Instructions to follow.
Copy the lines below exactly. Start at the first and finish with the line containing "Alcofa Cybex Melio - Cybex - 4063846565757".

[Dataset excerpts]
—————

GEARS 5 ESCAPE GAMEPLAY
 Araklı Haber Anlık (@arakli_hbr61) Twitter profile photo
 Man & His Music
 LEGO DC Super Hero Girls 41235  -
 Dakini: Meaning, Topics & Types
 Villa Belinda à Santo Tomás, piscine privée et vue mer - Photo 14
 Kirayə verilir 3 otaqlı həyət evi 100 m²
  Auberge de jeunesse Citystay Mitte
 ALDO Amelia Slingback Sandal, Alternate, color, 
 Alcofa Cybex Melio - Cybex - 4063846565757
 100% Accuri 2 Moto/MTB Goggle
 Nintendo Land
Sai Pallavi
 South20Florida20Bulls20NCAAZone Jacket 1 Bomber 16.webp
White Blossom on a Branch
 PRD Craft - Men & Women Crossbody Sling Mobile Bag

—————

Problem solution.
GEARS 5 ESCAPE GAMEPLAY
 Araklı Haber Anlık (@arakli_hbr61) Twitter profile photo
 Man & His Music
 LEGO DC Super Hero Girls 41235  -
 Dakini: Meaning, Topics & Types
 Villa Belinda à Santo Tomás, piscine privée et vue mer - Photo 14
 Kirayə verilir 3 otaqlı həyət evi 100 m²
  Auberge de jeunesse Citystay Mitte
 ALDO Amelia Slingback Sandal, Alternate, color, 
 Alcofa Cybex Melio - Cybex - 4063846565757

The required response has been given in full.